## Your goal
From the entries below, print exactly the span beginning with the line holding "Hot Rods Wrist Pin Small End Bearing" and ending with the line holding "Bras de liaison, suspension", endpoints included, and skip any pictures.

## Data to process
..............................
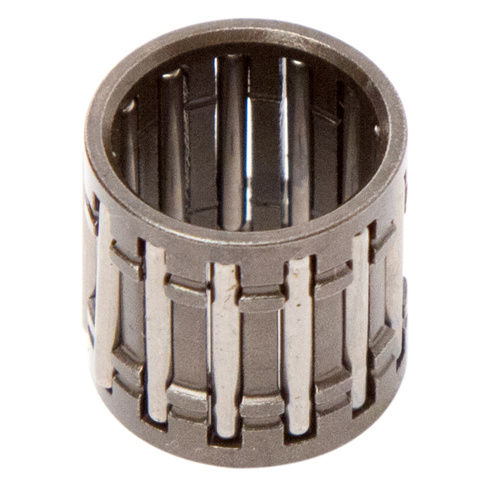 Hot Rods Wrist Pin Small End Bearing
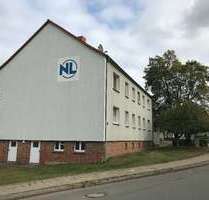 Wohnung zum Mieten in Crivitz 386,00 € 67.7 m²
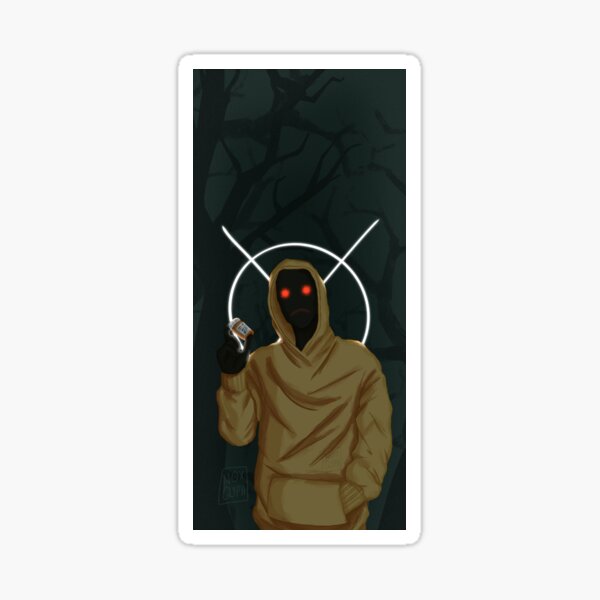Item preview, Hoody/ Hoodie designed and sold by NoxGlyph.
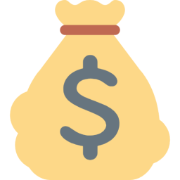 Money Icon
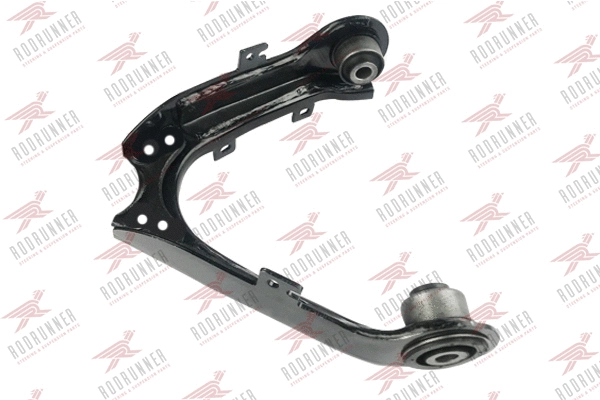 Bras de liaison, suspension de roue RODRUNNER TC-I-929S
..............................
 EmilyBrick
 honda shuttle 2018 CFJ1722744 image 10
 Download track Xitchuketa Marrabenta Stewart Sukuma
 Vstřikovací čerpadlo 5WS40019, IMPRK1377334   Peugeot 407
..............................
## Answer to the problem
 Hot Rods Wrist Pin Small End Bearing
 Wohnung zum Mieten in Crivitz 386,00 € 67.7 m²
Item preview, Hoody/ Hoodie designed and sold by NoxGlyph.
 Money Icon
 Bras de liaison, suspension de roue RODRUNNER TC-I-929S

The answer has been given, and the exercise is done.